Sockeye can read the raw data at training time in two sentence-parallel files via the --source and --target command-line options. You can also prepare the data ahead of time and dump it to disk as MXNet NDArrays. This eliminates the data loading time when running training (since three passes over the raw data are required), and also reduces memory consumption, since prepared data is also placed into random shards (which have one million lines each, by default). To run data preparation, you can use the following command:

> python -m sockeye.prepare_data
usage: [-h] --source SOURCE [--source-factors SOURCE_FACTORS [SOURCE_FACTORS ...]]

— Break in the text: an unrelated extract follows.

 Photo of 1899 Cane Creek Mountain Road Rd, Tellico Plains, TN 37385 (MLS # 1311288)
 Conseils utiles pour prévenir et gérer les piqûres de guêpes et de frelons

                       [--source-factors-use-source-vocab SOURCE_FACTORS_USE_SOURCE_VOCAB [SOURCE_FACTORS_USE_SOURCE_VOCAB ...]]
                       [--target-factors TARGET_FACTORS [TARGET_FACTORS ...]]

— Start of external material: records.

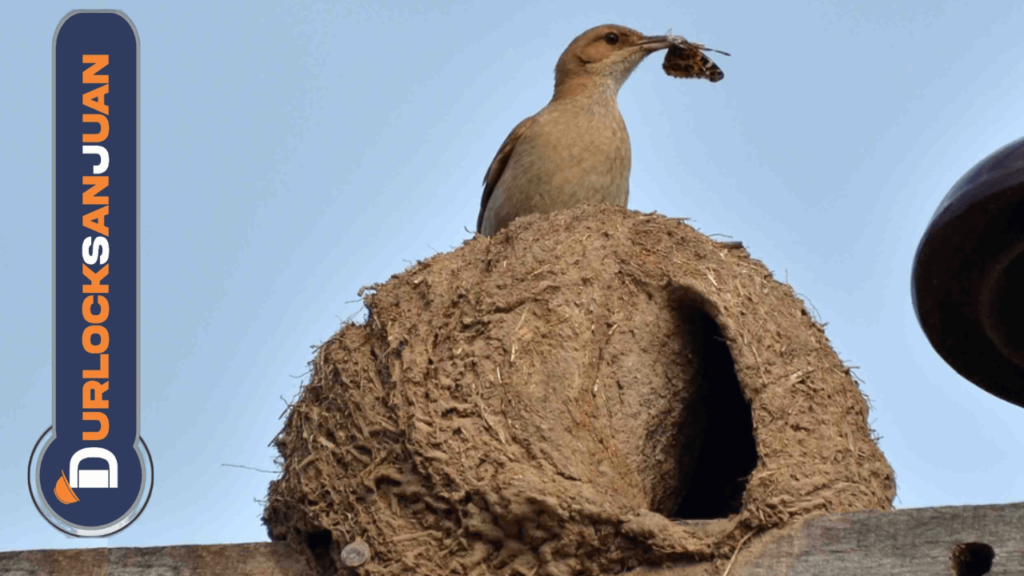 "Pájaro hornero construyendo su casa de barro"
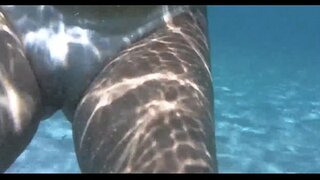 ���রম কুক্কুট ভিতরে d, পানি at porto da barra সালভাদর bahia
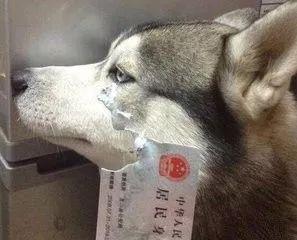 看到你們家的狗也這麼氣人，我就放心啦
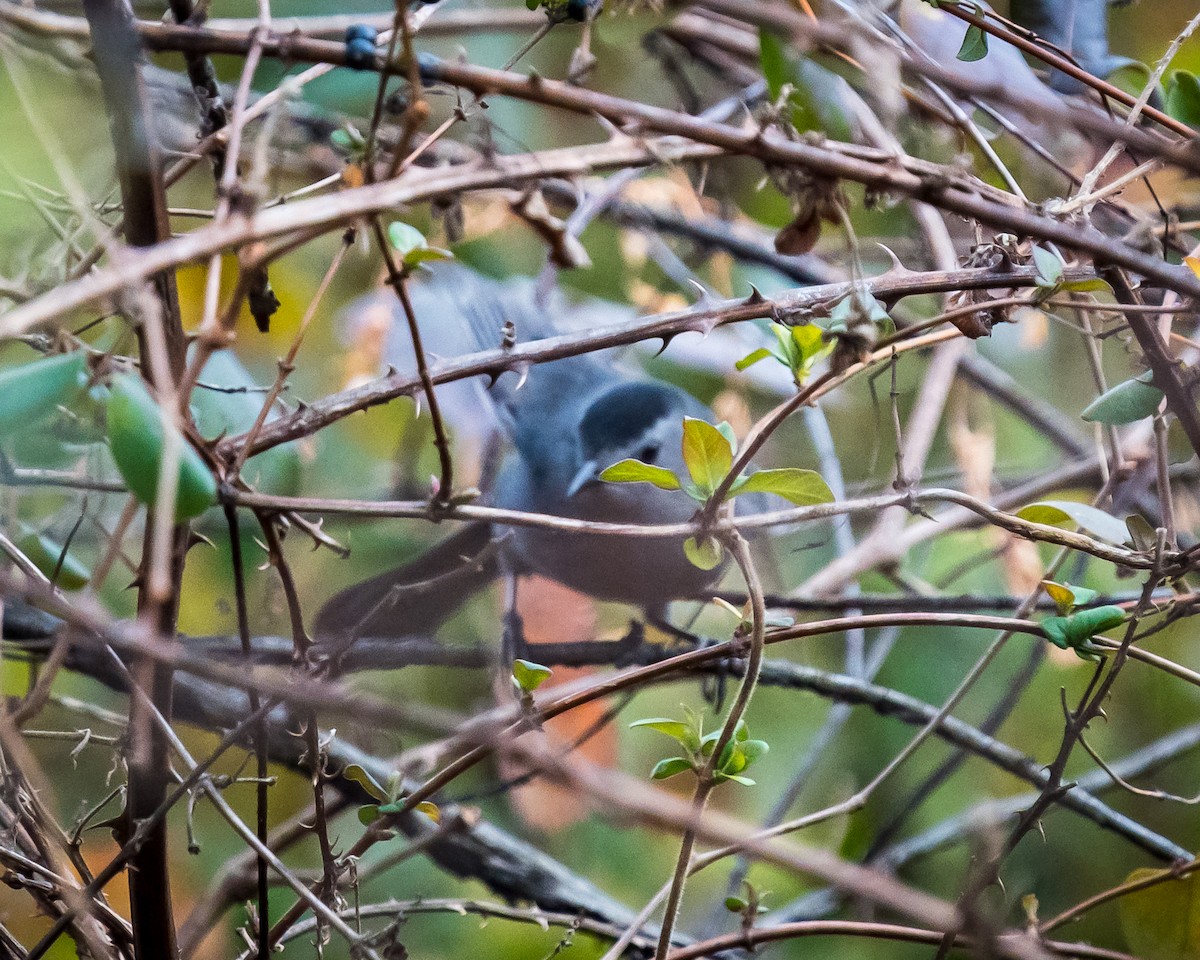 Gray Catbird - Tim Frye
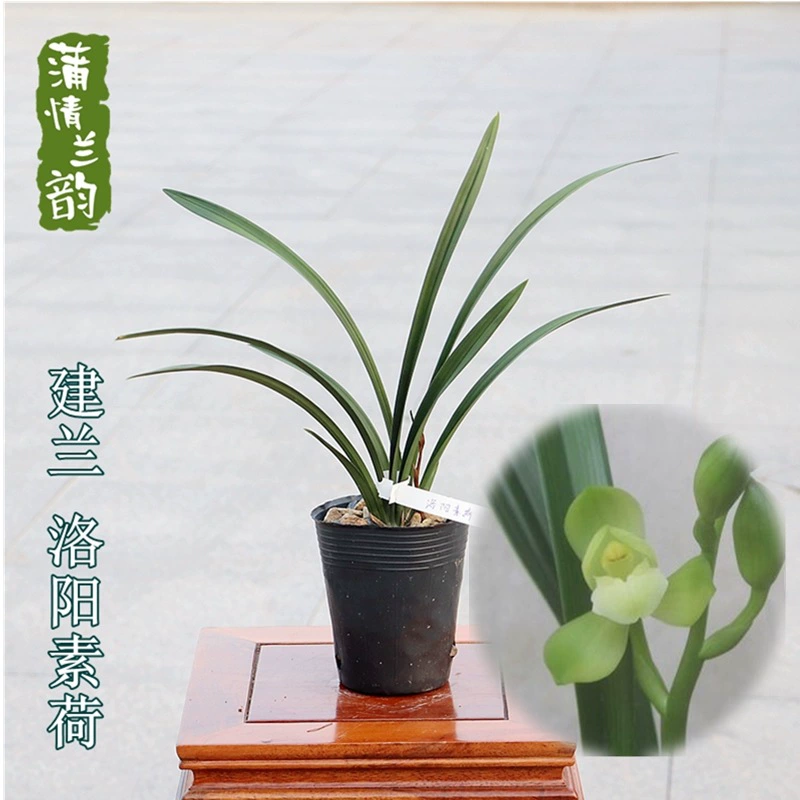 Jianlan Four Seasons Орхидея Лоян Сухэ Лучжоу-аромат орхидеи Рассада лоскута лотоса Внутреннее зеленое растение Цветочное растение в горшке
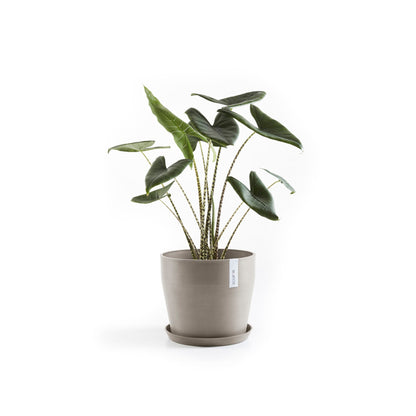 Kukkaruukku Sankara 40cm taupe – aluslautasen ja kasvin kanssa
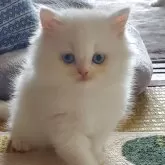 スコティッシュフォールド(立ち耳)【愛知県・女の子・2025年1月11日・ホワイト】の写真1
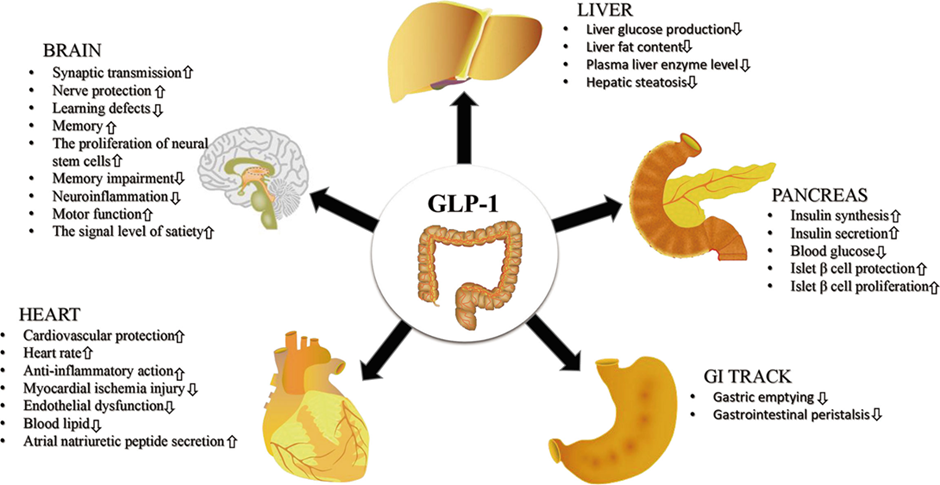 GLP-1 Drugs: Not a Miracle Cure for Weight Loss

                       [--target-factors-use-target-vocab TARGET_FACTORS_USE_TARGET_VOCAB [TARGET_FACTORS_USE_TARGET_VOCAB ...]] --target
                       TARGET [--source-vocab SOURCE_VOCAB] [--target-vocab TARGET_VOCAB]
                       [--source-factor-vocabs SOURCE_FACTOR_VOCABS [SOURCE_FACTOR_VOCABS ...]]
                       [--target-factor-vocabs TARGET_FACTOR_VOCABS [TARGET_FACTOR_VOCABS ...]] [--shared-vocab] [--num-words NUM_WORDS]
                       [--word-min-count WORD_MIN_COUNT] [--pad-vocab-to-multiple-of PAD_VOCAB_TO_MULTIPLE_OF] [--no-bucketing]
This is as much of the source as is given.